- PROBLEM
From the line containing "RAM PC Corsair" through the last line, print the records exactly and nothing else.

Source records:
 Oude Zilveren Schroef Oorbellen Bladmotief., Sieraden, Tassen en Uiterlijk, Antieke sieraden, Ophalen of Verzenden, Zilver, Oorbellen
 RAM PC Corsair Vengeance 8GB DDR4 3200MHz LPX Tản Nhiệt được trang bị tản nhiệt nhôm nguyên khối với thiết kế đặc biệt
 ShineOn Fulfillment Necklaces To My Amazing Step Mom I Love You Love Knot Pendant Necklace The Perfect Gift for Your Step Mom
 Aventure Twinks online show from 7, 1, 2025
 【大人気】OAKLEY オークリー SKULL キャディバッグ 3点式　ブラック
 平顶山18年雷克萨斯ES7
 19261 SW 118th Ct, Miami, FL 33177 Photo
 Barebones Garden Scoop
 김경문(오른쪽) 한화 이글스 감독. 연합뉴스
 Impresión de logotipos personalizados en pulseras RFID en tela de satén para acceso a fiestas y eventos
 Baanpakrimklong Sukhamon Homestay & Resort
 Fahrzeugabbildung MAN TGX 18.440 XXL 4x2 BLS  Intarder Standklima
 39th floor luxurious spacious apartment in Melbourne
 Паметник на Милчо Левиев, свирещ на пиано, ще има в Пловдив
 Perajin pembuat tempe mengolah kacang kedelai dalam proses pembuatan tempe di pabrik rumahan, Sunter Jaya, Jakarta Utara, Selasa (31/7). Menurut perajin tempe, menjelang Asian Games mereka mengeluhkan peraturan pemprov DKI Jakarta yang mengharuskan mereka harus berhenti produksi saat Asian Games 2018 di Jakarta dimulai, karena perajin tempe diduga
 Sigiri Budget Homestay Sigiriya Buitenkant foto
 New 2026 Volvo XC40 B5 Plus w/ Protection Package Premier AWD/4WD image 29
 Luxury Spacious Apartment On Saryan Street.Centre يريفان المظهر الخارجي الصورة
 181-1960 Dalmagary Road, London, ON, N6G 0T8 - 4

- ANSWER TO THIS EXERCISE
 RAM PC Corsair Vengeance 8GB DDR4 3200MHz LPX Tản Nhiệt được trang bị tản nhiệt nhôm nguyên khối với thiết kế đặc biệt
 ShineOn Fulfillment Necklaces To My Amazing Step Mom I Love You Love Knot Pendant Necklace The Perfect Gift for Your Step Mom
 Aventure Twinks online show from 7, 1, 2025
 【大人気】OAKLEY オークリー SKULL キャディバッグ 3点式　ブラック
 平顶山18年雷克萨斯ES7
 19261 SW 118th Ct, Miami, FL 33177 Photo
 Barebones Garden Scoop
 김경문(오른쪽) 한화 이글스 감독. 연합뉴스
 Impresión de logotipos personalizados en pulseras RFID en tela de satén para acceso a fiestas y eventos
 Baanpakrimklong Sukhamon Homestay & Resort
 Fahrzeugabbildung MAN TGX 18.440 XXL 4x2 BLS  Intarder Standklima
 39th floor luxurious spacious apartment in Melbourne
 Паметник на Милчо Левиев, свирещ на пиано, ще има в Пловдив
 Perajin pembuat tempe mengolah kacang kedelai dalam proses pembuatan tempe di pabrik rumahan, Sunter Jaya, Jakarta Utara, Selasa (31/7). Menurut perajin tempe, menjelang Asian Games mereka mengeluhkan peraturan pemprov DKI Jakarta yang mengharuskan mereka harus berhenti produksi saat Asian Games 2018 di Jakarta dimulai, karena perajin tempe diduga
 Sigiri Budget Homestay Sigiriya Buitenkant foto
 New 2026 Volvo XC40 B5 Plus w/ Protection Package Premier AWD/4WD image 29
 Luxury Spacious Apartment On Saryan Street.Centre يريفان المظهر الخارجي الصورة
 181-1960 Dalmagary Road, London, ON, N6G 0T8 - 4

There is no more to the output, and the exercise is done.